Today I want to think about a different, less extreme type of acting as if. In the cases I'm imagining, social pressures or other desires shape your dispositions without your awareness. You're in an environment, say, where almost everyone around you has an unfavorable disposition toward a particular politician, call her Monstro. You don't have a really firm opinion yourself, so you're not going to go against the tide. You'll happily enough join in the general condemnation of Monstro, and you won't be disposed to praise Monstro or endorse Monstro's controversial policies. It's not that you're intentionally suppressing your opinion or explicitly trying to fit in. Nor is it that you regard your peers as great authorities and so become genuinely convinced. Our actions arise from a confluence of causes that aren't all easily traceable. Monstro condemnation just seems to flow naturally from your mouth -- to a substantial extent, unbeknownst to you, because of your social situation.

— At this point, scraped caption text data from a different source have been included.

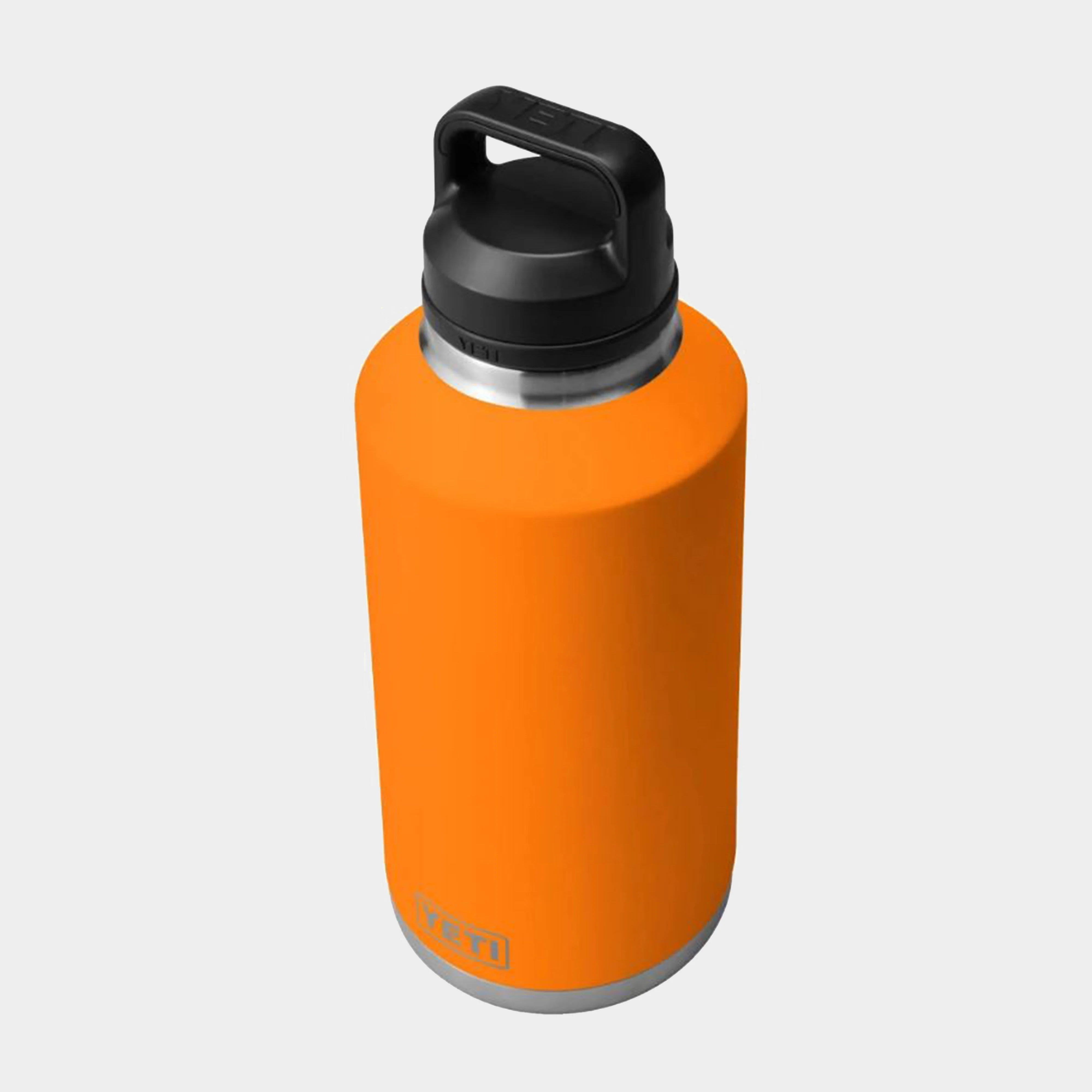 Rambler® 64oz (1.9L) Bottle - Image 2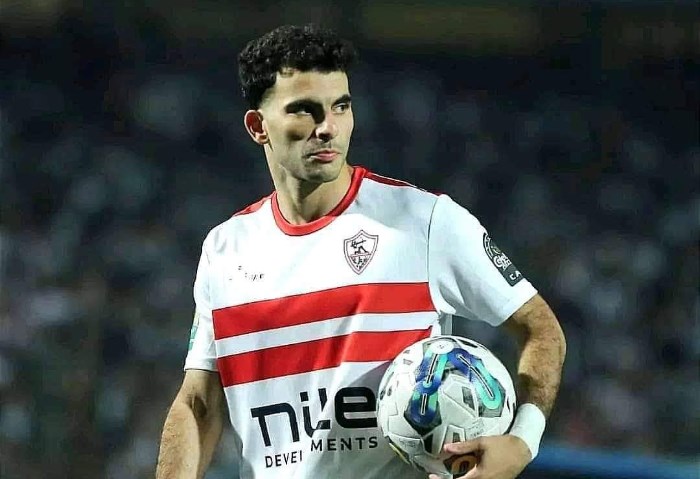 زيزو 1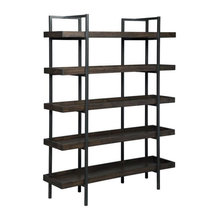 Wish List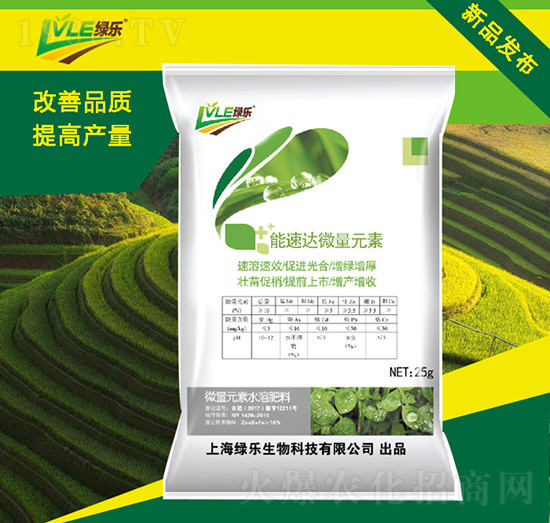 �����_(d��)΢��Ԫ��-�G��(l��)����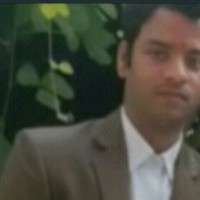 Ajit Bhagat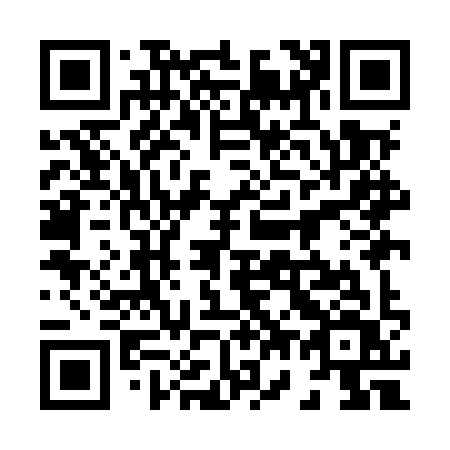 QR code for plate 879-MYV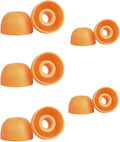 Powerbeats Pro 2 Replacement Ear Tips 5 Pairs by WikiVALLEY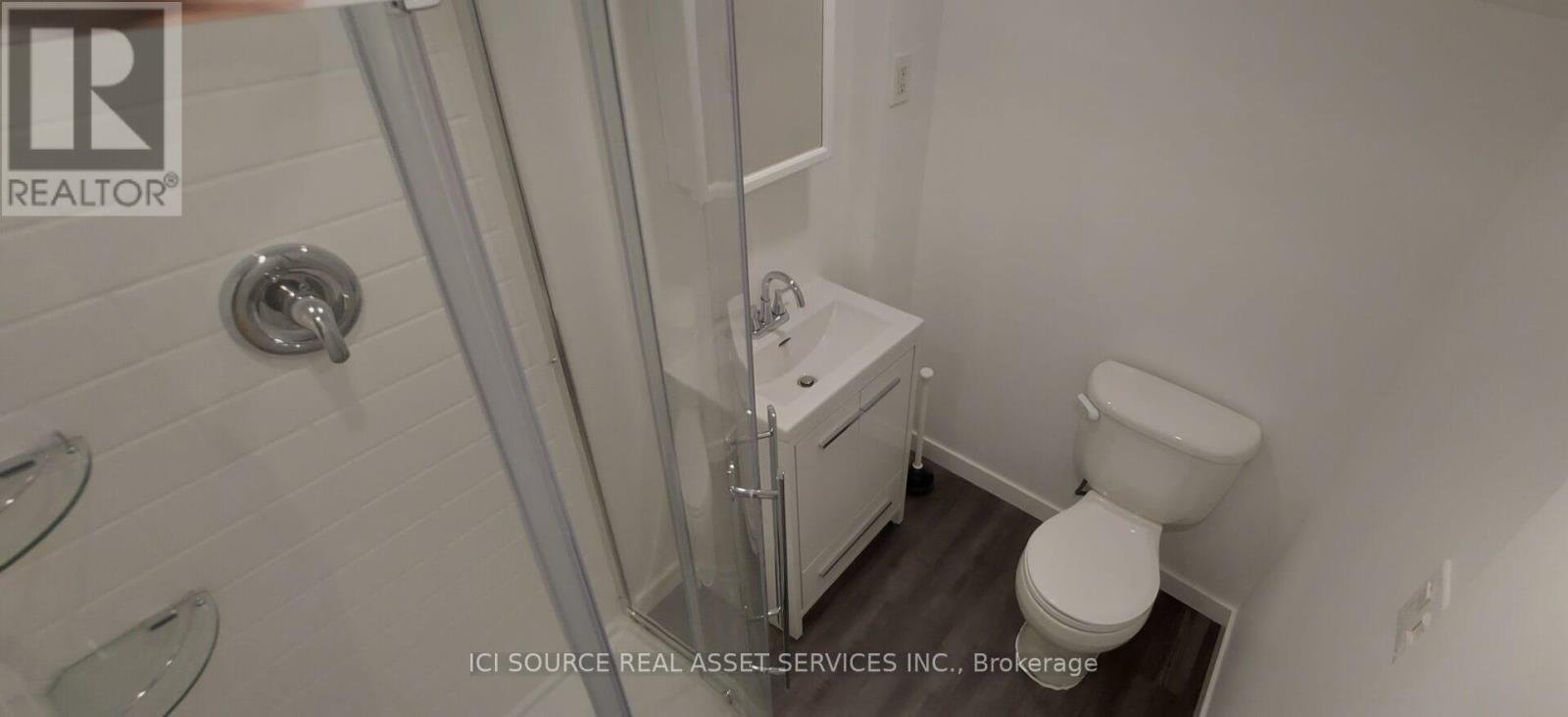 LOWER 1 - 74 BURNABY BOULEVARD - Photo 20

We can imagine similar cases with other socially approved or disapproved beliefs, such as religious beliefs, beliefs about sports (when you're among like-minded fans), beliefs that are central to an academic group identity, and so on. You act as if, and fairly stably so, more because situational pressures facilitate that action than from rooted conviction.
If beliefs are dispositional patterns, the social pressures might substantially explain and support the dispositional patterns; and if you're not already committed to the opposite, I imagine that your inner voice will generally cooperate. But maybe if you were removed to a different social context with different pressures, you'd find yourself acting differently. Our Monstro condemner, now visiting relatives who are passionate Monstro supporters, might find ambivalence and neutrality suddenly much more natural.
Our Monstro condemner acts as if he thinks Monstro is horrible, and he does so with some dispositional stability as long as he remains in his usual range of circumstances. It's in part just an act, but unlike the faux lizard-queen conspiracy theorist, he isn't fully aware of this fact about it. (He might have a hunch or an inkling.) Condemning Monstro is, for him, a social performance -- but one that doesn't feel inauthentic and which he enacts without reservation and without insight into its performative nature. I'll call this performative belief.
We all have, I suspect, some beliefs that are performative in this way, or partly performative. And by performing them long and consistently enough, we likely strengthen their dispositional tracks. Our P-aligned (e.g. Monstro condemning) actions and reactions gradually become more ingrained, more immovable, until the social context is no longer necessary and the beliefs are no longer merely performative.